● **ABOUT THIS EXERCISE**
Leave out the pictures and print precisely the lines from the line with "Jacksonville Jaguars wide" to the final line of the entries, both ends included.

● **TASK INPUT**

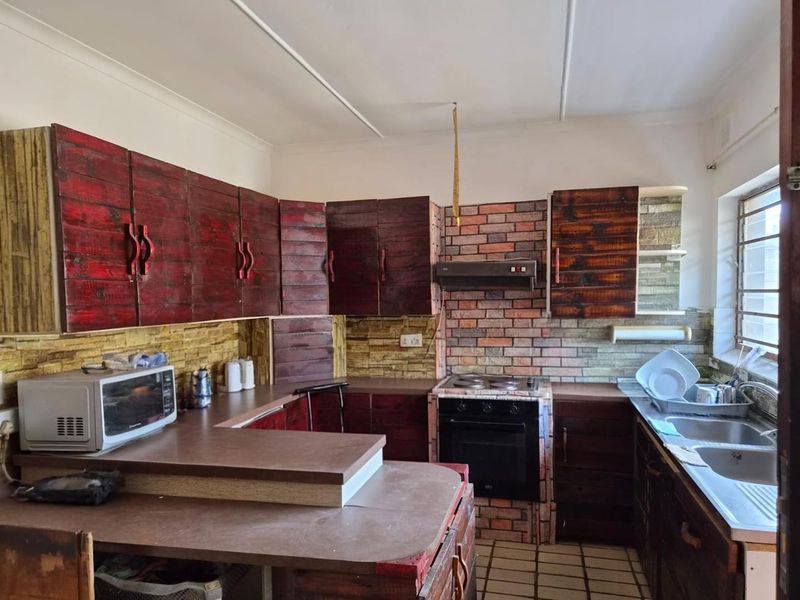 Kitchen featuring custom dark wood cabinetry, brick-style wall cladding, built-in oven and hob, and a double stainless steel sink.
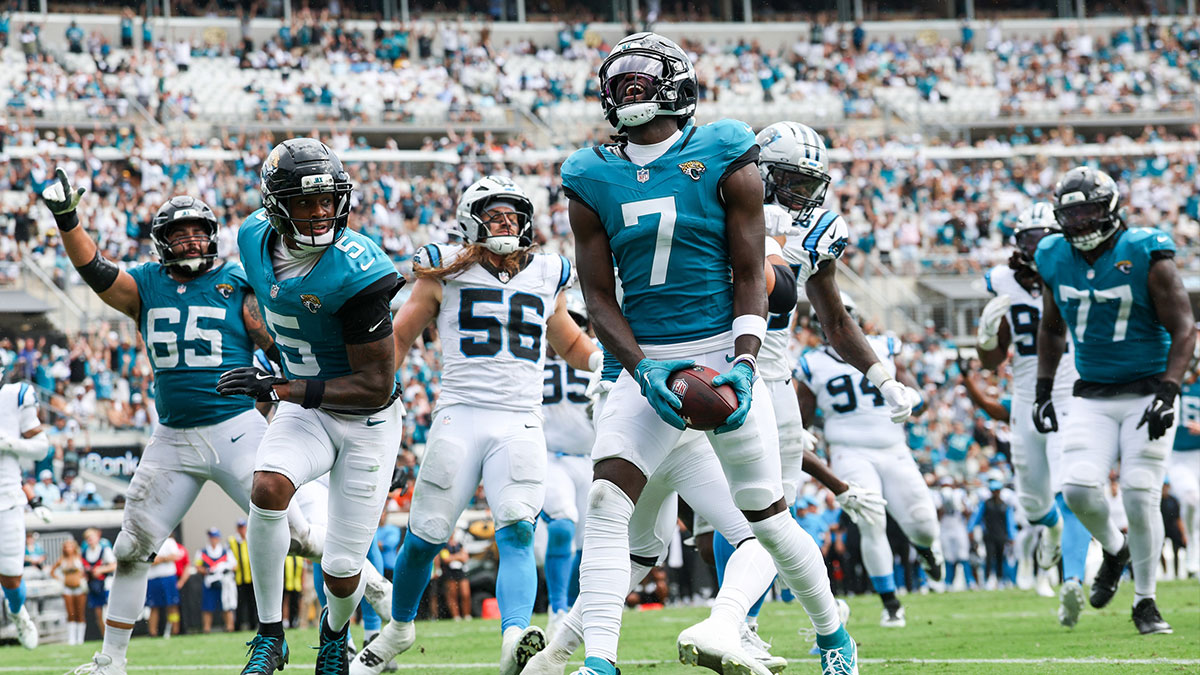 Jacksonville Jaguars wide receiver Brian Thomas Jr. (7) reacts after scoring on a 9-yard touchdown run against the Carolina Panthers during the first half at EverBank Stadium.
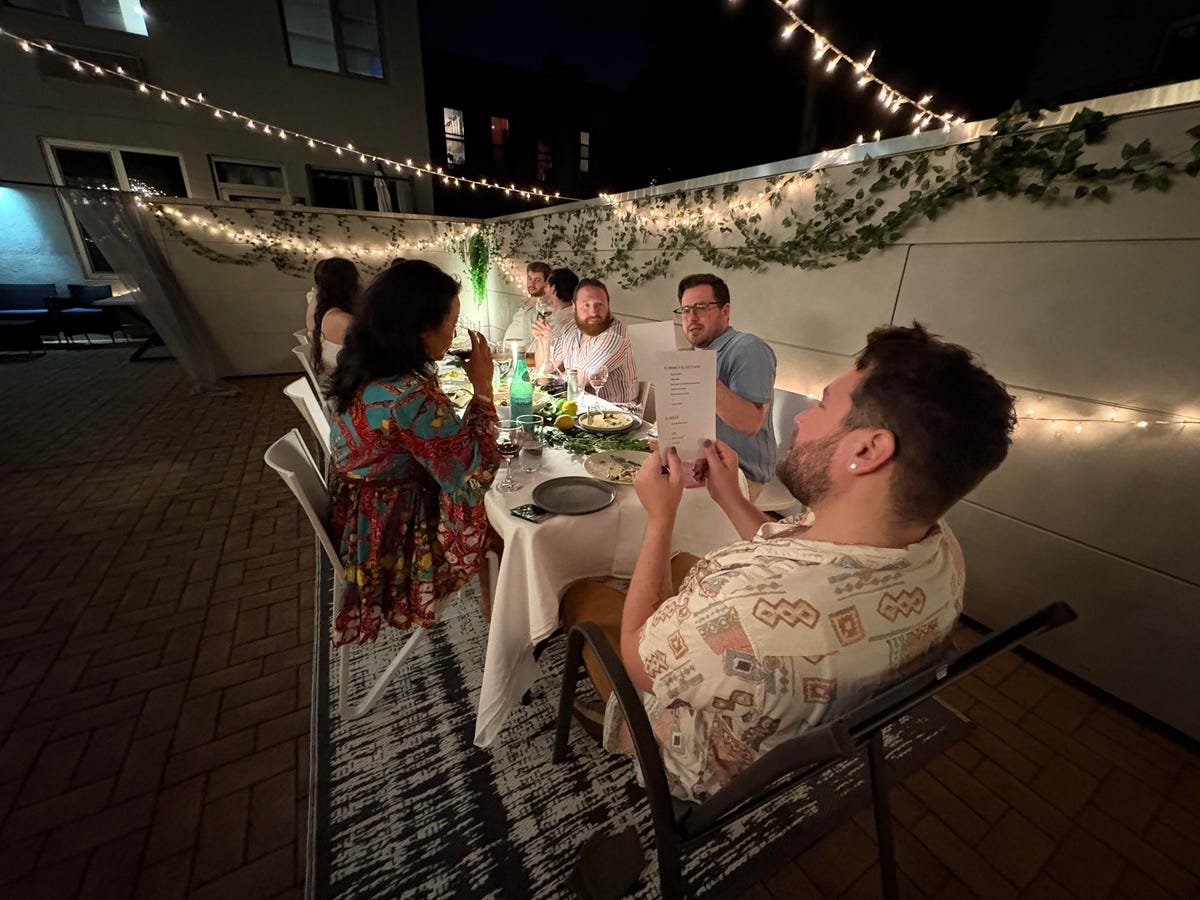 A group of people sitting around a table outside at night.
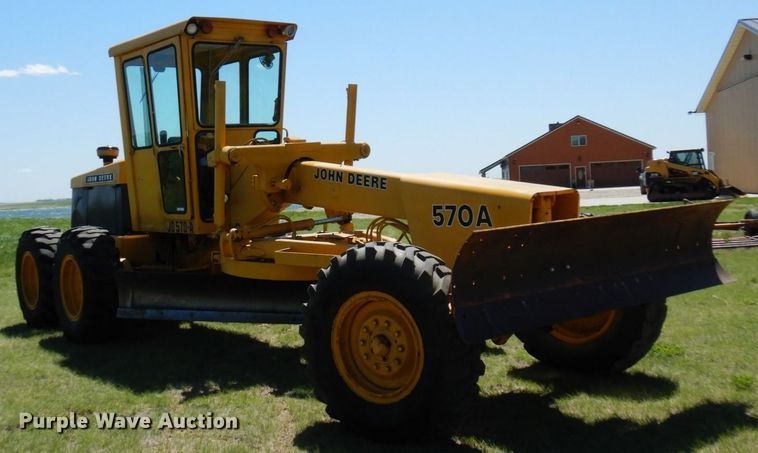 image for item MF9618 1981 John Deere 570A  rigid frame motor grader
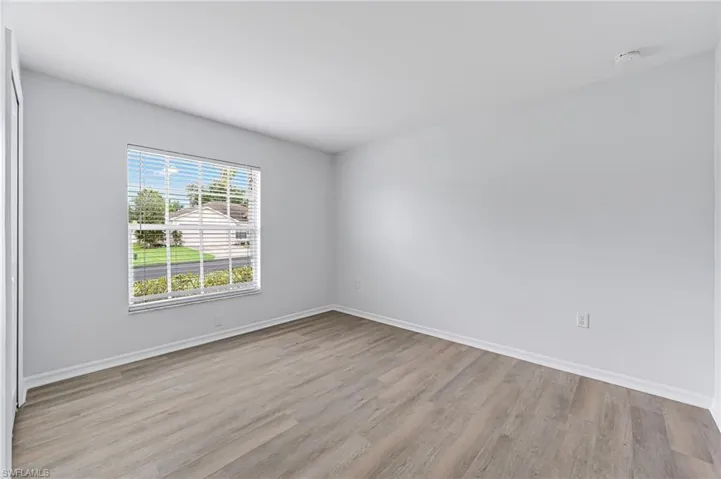 Empty room featuring light wood-type flooring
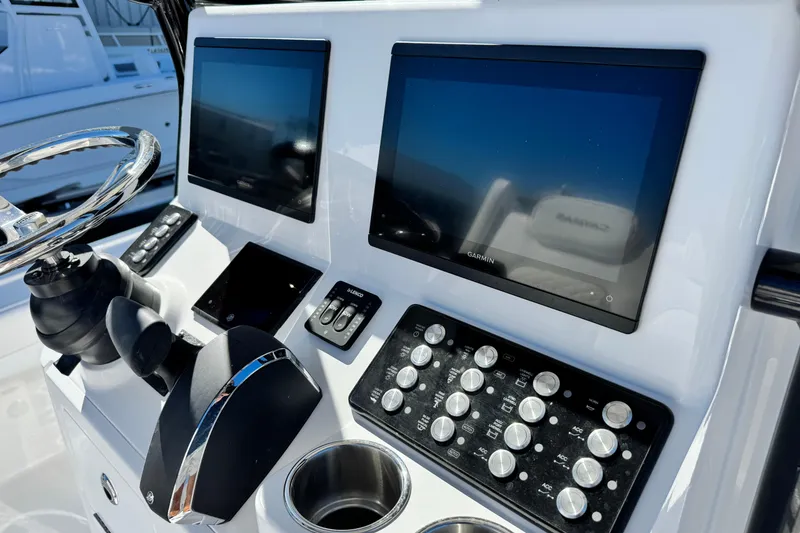 Slide: The Image of 2026 Caymas 28 HB boat dashboard with dual Garmin screens and control panel. - 26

● **OUTPUT FOR THIS EXERCISE**
 Jacksonville Jaguars wide receiver Brian Thomas Jr. (7) reacts after scoring on a 9-yard touchdown run against the Carolina Panthers during the first half at EverBank Stadium.
 A group of people sitting around a table outside at night.
 image for item MF9618 1981 John Deere 570A  rigid frame motor grader
 Empty room featuring light wood-type flooring
 Slide: The Image of 2026 Caymas 28 HB boat dashboard with dual Garmin screens and control panel. - 26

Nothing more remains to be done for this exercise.